La justice française vient d’inventer un nouveau délit: taper sur une casserole, sur une poêle à frire, ou sur un bidon. Enfin presque: s’il n’est pas déclaré hors la loi par les magistrats ce jeudi 27 avril, comme cela a été le cas mardi à Vendôme (Loir-et-Cher), l’arrêté préfectoral pris dans le Doubs pour interdire «tout dispositif sonore portatif» aux abords de la visite prévue d’Emmanuel Macron causera un préoccupant précédent.

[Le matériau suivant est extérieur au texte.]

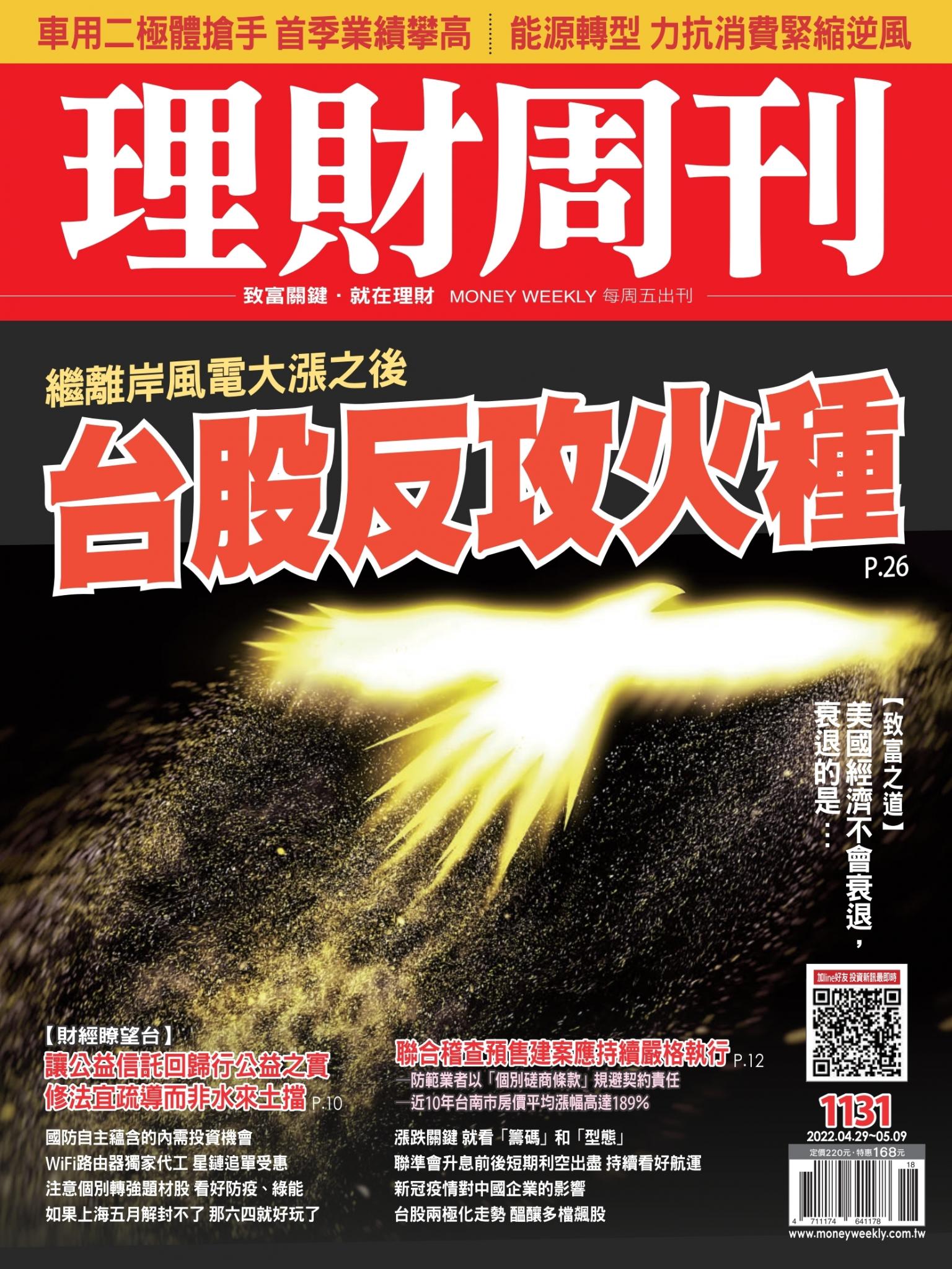 理財周刊1131期：台股反攻火種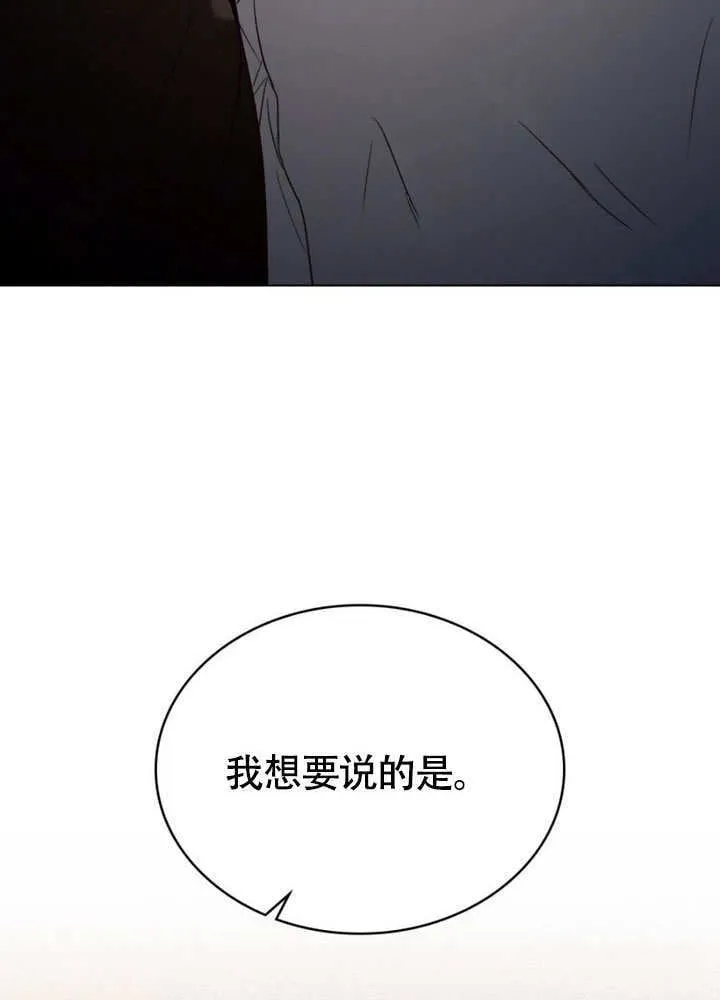 第29话17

Interdit, donc, au pays de Voltaire, d’exprimer sa colère par des «bangs bangs» bruyants au sein d’un «périmètre de sécurité», sur le chemin d’un chef de l’État qui, pourtant, tire sa légitimité du vote populaire? L’ancien avocat Éric Dupond-Moretti, ministre de la Justice depuis 2020, risque d’avoir du pain sur planche pour justifier ce ramdam judiciaire. Alors que, pour le défilé du 1er mai, des milliers de protestataires se préparent à déballer leurs ustensiles de cuisine les plus variés pour faire le maximum de bruit.
Une visite pour commémorer l’abolition de l’esclavage
Le plus paradoxal est le motif de la visite dans le Doubs, à proximité du Jura suisse, de la visite présidentielle. C’est au héros antiesclavagiste Toussaint Louverture, libérateur d’Haïti (1743-1803) que le Chef de l’État vient rendre hommage, pour commémorer l’abolition de l’esclavage. Ce combattant de génie fut interné ici, au château de Joux, par un Empereur Français nommé Napoléon 1er. Le raccourci historique fait donc très mal. Macron, souvent comparé à Bonaparte pour son goût des assauts politiques, se retrouve pris au piège des «casserolades» sur une terre synonyme d’oppression pour le peuple haïtien. De quoi donner des arguments aux opposants à la réforme des retraites, prompts à se présenter comme les «nouveaux esclaves» bâillonnés par le pouvoir. Et ce, au début des «cent jours» décrétés par le président pour apaiser et relancer le pays, référence napoléonienne discutable là aussi.
Taper. Faire du bruit. Empêcher les «puissants» de se faire entendre. Les casseroles françaises ne retentiront peut-être pas dans le Doubs où le préfet a décidé «d’interdire les rassemblements festifs à caractère musical» le temps de la visite présidentielle. A condition que les policiers dépouillent aussi les manifestants attendus de leurs téléphones portables. Car à défaut d’avoir une casserole, les protestataires ont préparé un autre concert métallique. Vanté par l’une des égéries des manifestations, Mathilde Caillard, techno activiste reconnue pour ses pas de danse sur les défilés, un site internet permet de remplacer le «bang bang» de cuisine. Sur le site macasserole.fr, n’importe qui peut électroniquement reproduire le bruit métallique. Dur dur pour les juges. A moins bien sûr que la préfecture brouille les liaisons téléphoniques et internet sur la zone concernée.
Un symbole difficile à évacuer
Les casseroles sont en plus un symbole difficile à évacuer pour Emmanuel Macron, qui promet de retourner sur le terrain pour y affronter la colère de ses compatriotes. Ces révoltes bruyantes, dont certaines avaient déjà lieu au Moyen-Âge, tirent plus récemment leur origine des premières manifestations contre François Guizot, alors ministre et confident du roi Louis Philippe, en 1841. A l’origine de ces casserolades anciennes? Un impôt sur les portes et fenêtres! La France avait, déjà, besoin d’argent. L’État royal dépensait trop. La révolte fiscale de l’époque passe donc par les femmes et leurs cuisines. On tape. On fait du bruit. On empêche le ministre Guizot et le vieux maréchal Soult, président du Conseil (après avoir trahi Napoléon vingt ans plus tôt) de défendre cette taxe.
Le Doubs, nouveau front de la contestation, quelques jours avant la manifestation des syndicats unis le 1er mai à travers la France? Là aussi, les symboles seront douloureux pour le président Français: le dernier défilé syndical uni fut celui du 1er mai 1936. En plein «front populaire»!